_ABOUT THIS EXERCISE_
Exactly the lines from the beginning of the records to the line with "We are going", both ends included, are to be given again, and pictures are to be left out.

_RECORD EXCERPTS_
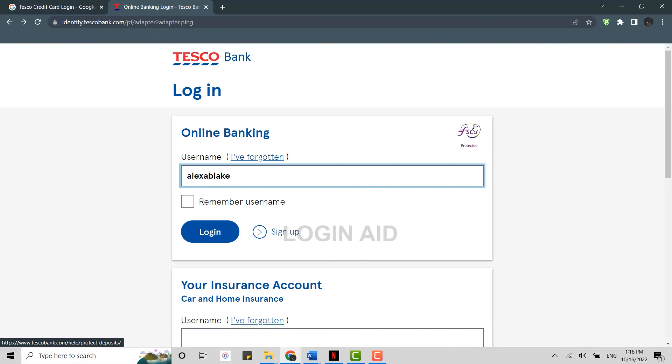Once you are logged in there, you will have the option of logging in into the Tesco credit card as well. You can get logged in into the account right away. So this is how you can log in into the Tesco credit card.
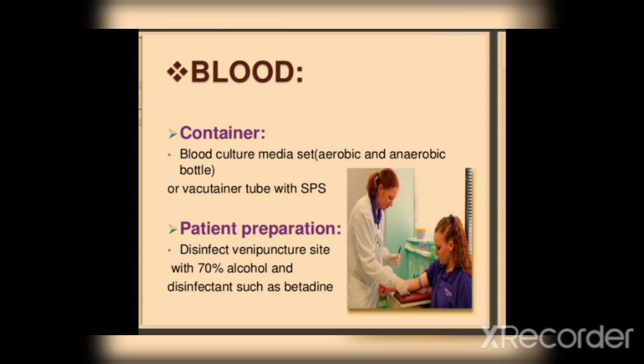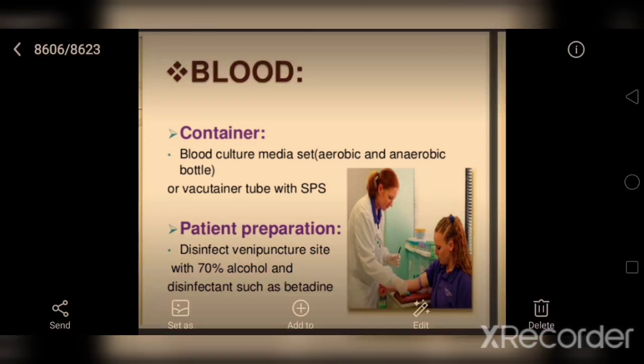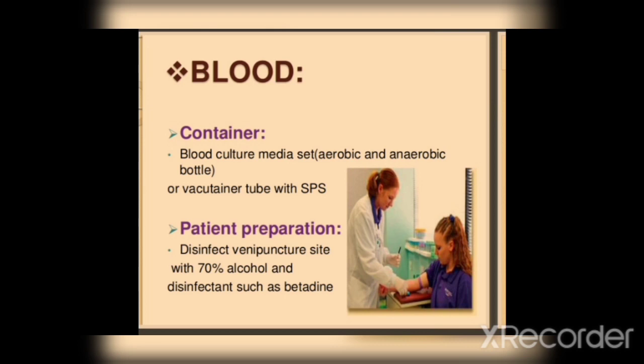We are going to take samples for blood culture. Blood culture media can be aerobic or anaerobic. We use a vacuum tube with SPS — sodium polyanethol sulfonate — or a liquid tube. When we are at the hospital, we disinfect with 70% alcohol.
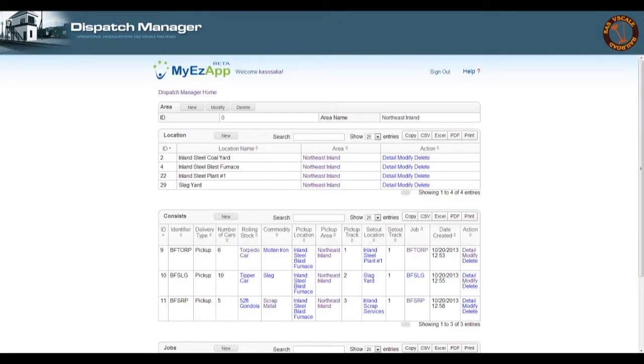So upon clicking on Northeast Inland, I now can see all the related information about that area. Starting at the top, it's the area indicator, then below that is the location table, which contains all the industries in that area.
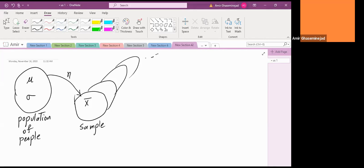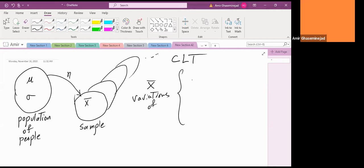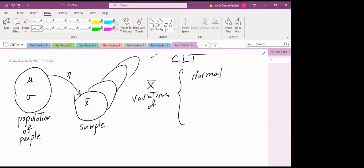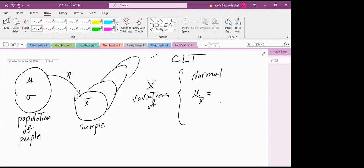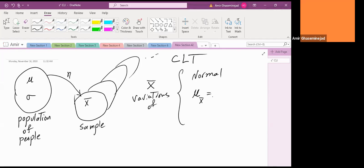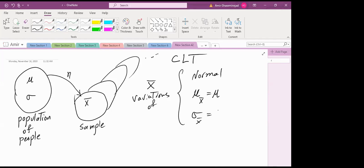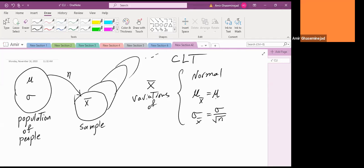So we are only interested in x-bar when talking about the central limit theorem. It tells us about the variations of x-bar: the variations are normal, mu x-bar equals the mean of all x-bars, which equals the mean of the population. And the standard deviation of x-bar equals the standard deviation of the population divided by the square root of the sample size n.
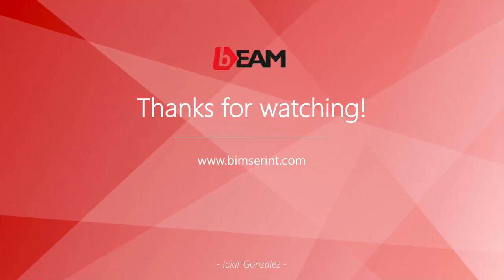Thank you so much for watching. If you liked this video, don't forget to give it a thumbs up and subscribe to our channel. If you want to learn more about the types of users on Beam and how to manage the authorizations given to them, make sure to watch this next video.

_EXERCISE ANSWER_
Once you are logged in there, you will have the option of logging in into the Tesco credit card as well. You can get logged in into the account right away. So this is how you can log in into the Tesco credit card.
We are going to take samples for blood culture. Blood culture media can be aerobic or anaerobic. We use a vacuum tube with SPS — sodium polyanethol sulfonate — or a liquid tube. When we are at the hospital, we disinfect with 70% alcohol.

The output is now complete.